■ **What to produce**:
The entries below contain a line with "Room Essentials 36x72" and a line with "Peut inclure: Une". Quote exactly those two lines and all lines between them.

■ **Material provided**:

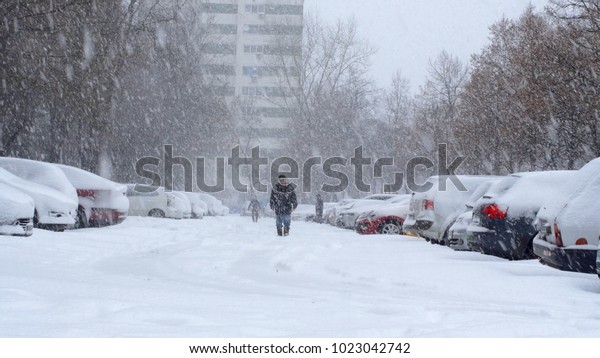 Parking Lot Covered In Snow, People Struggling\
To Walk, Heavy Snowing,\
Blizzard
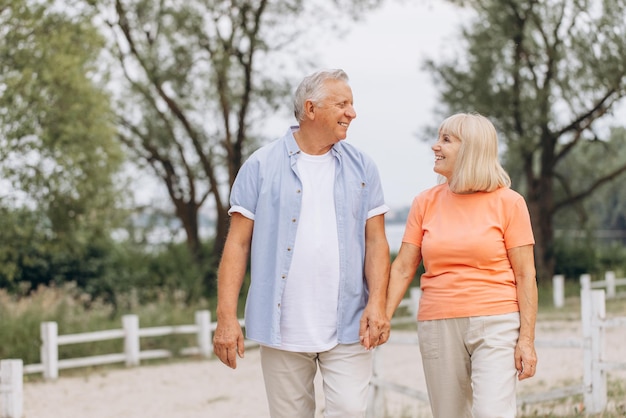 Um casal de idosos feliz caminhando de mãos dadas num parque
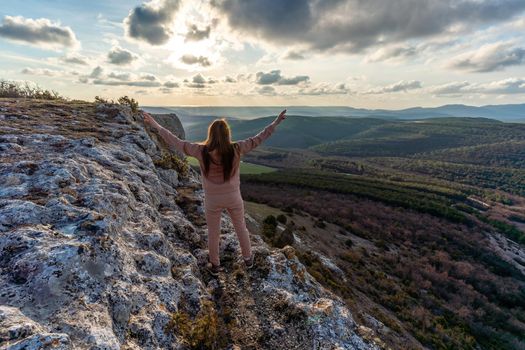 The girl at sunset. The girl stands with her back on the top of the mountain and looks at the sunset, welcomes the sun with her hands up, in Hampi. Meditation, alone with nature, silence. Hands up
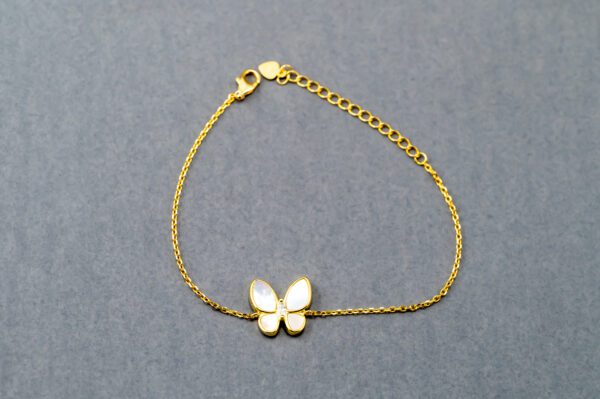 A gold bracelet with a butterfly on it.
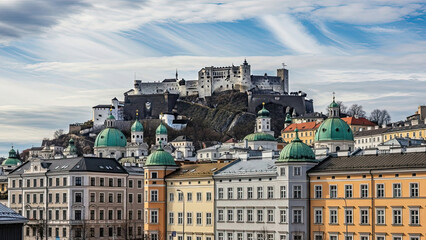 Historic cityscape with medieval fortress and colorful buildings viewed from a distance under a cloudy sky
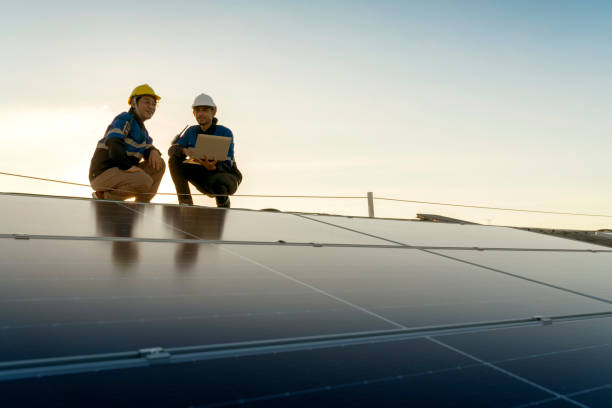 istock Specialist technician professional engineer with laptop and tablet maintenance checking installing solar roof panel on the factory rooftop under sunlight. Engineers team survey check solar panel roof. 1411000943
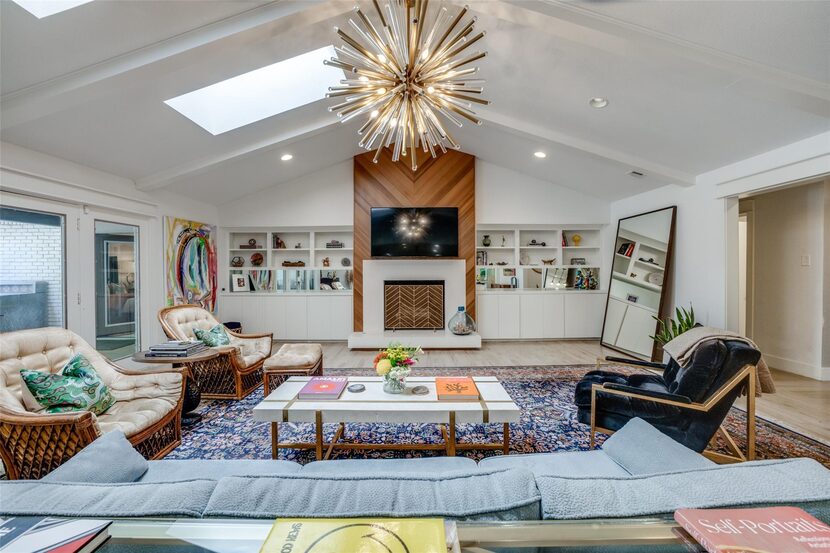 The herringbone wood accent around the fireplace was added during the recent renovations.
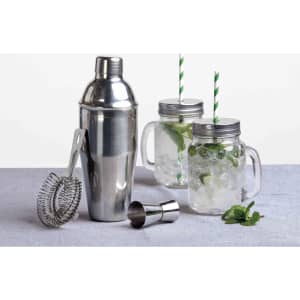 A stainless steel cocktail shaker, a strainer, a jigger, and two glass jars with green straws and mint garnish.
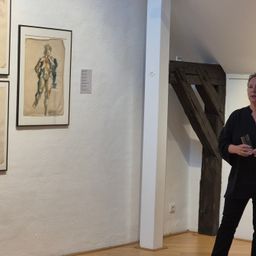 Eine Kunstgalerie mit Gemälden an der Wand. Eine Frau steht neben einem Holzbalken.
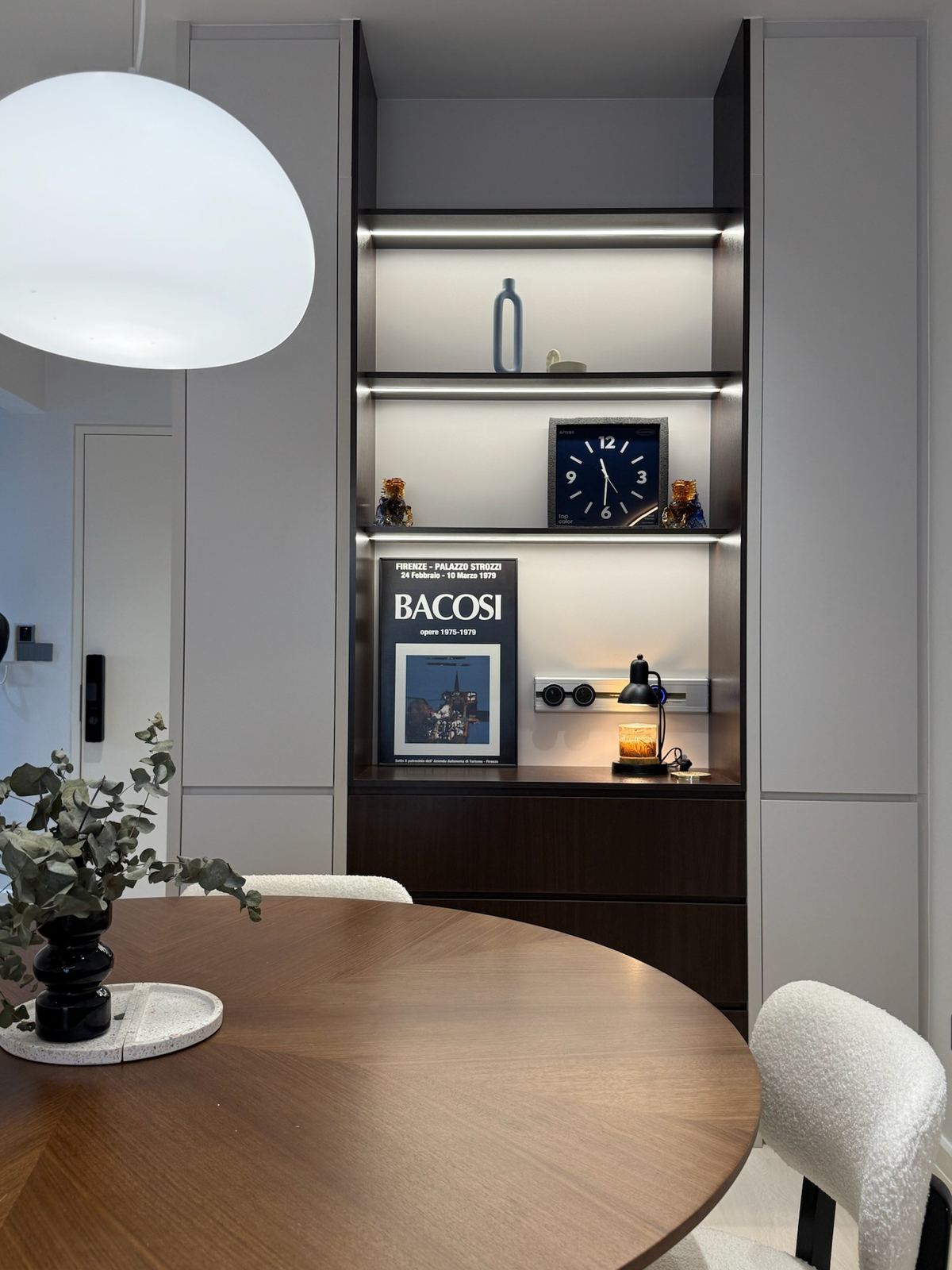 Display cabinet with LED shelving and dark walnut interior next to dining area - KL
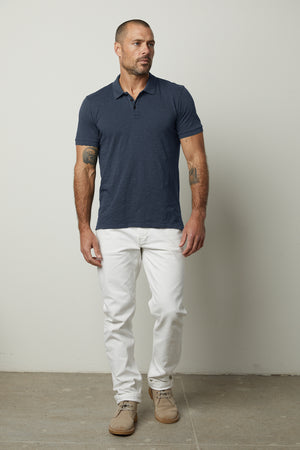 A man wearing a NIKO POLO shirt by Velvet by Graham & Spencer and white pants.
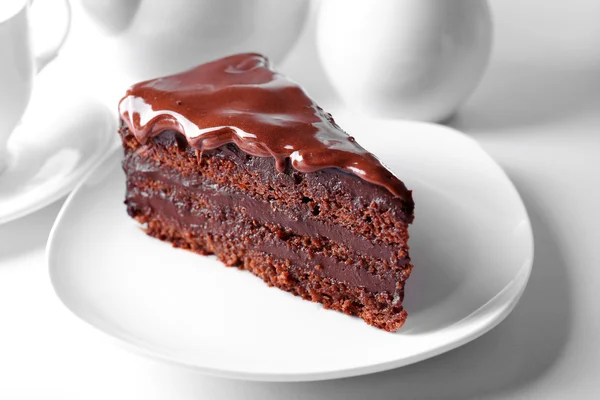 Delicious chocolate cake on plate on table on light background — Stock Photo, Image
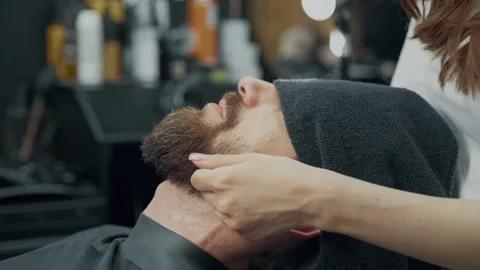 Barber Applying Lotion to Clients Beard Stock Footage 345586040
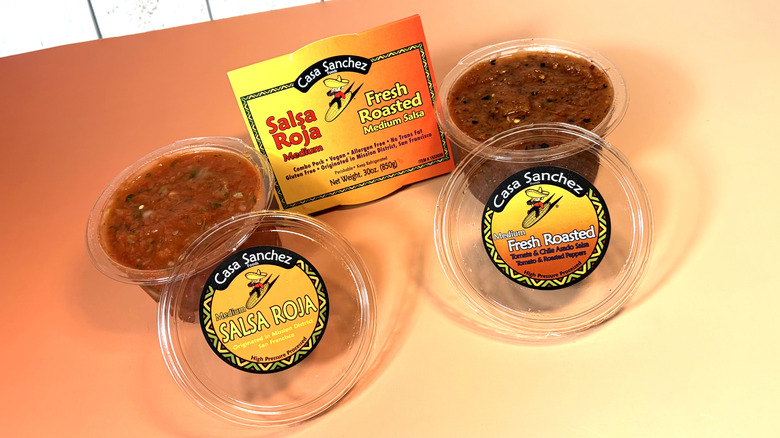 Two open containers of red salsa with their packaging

* * *

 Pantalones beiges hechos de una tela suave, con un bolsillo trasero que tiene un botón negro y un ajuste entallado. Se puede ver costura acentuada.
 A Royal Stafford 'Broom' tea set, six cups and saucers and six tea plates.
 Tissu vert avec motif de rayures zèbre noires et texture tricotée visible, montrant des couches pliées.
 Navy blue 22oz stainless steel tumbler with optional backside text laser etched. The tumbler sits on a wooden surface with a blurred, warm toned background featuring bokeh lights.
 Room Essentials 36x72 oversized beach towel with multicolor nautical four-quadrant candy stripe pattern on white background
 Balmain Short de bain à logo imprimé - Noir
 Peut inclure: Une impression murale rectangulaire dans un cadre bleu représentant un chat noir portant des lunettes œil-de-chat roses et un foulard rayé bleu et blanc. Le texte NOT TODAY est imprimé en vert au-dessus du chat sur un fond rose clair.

==

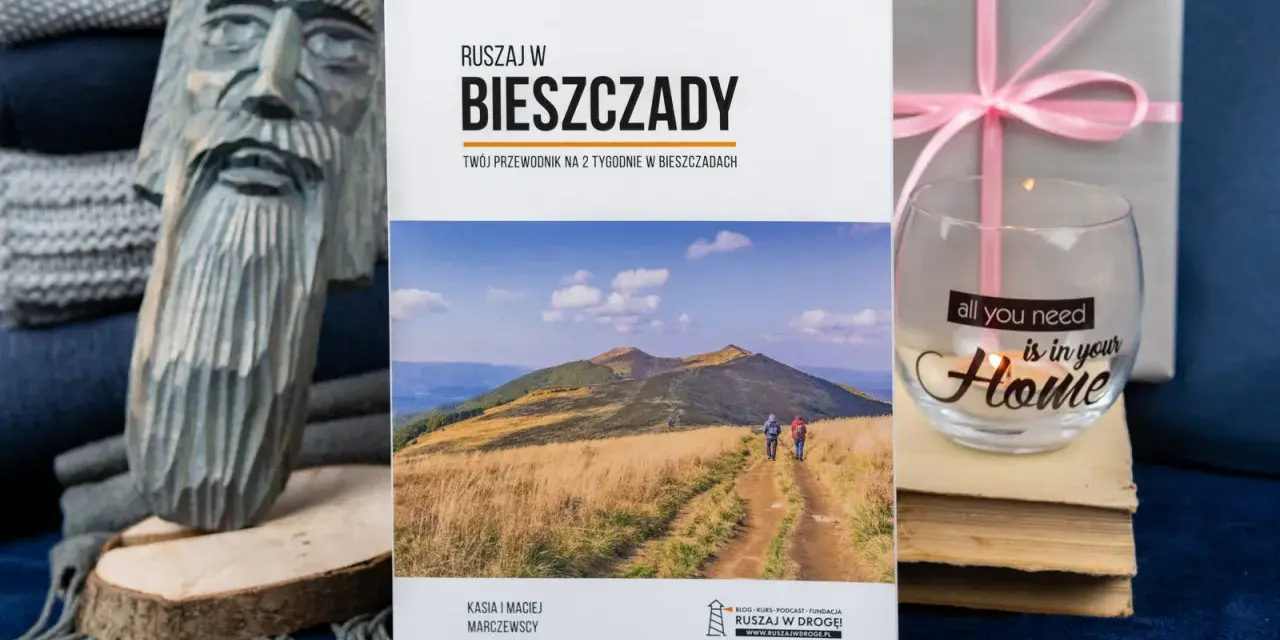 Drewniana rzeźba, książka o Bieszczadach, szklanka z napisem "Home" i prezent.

■ **Task response**:
 Room Essentials 36x72 oversized beach towel with multicolor nautical four-quadrant candy stripe pattern on white background
 Balmain Short de bain à logo imprimé - Noir
 Peut inclure: Une impression murale rectangulaire dans un cadre bleu représentant un chat noir portant des lunettes œil-de-chat roses et un foulard rayé bleu et blanc. Le texte NOT TODAY est imprimé en vert au-dessus du chat sur un fond rose clair.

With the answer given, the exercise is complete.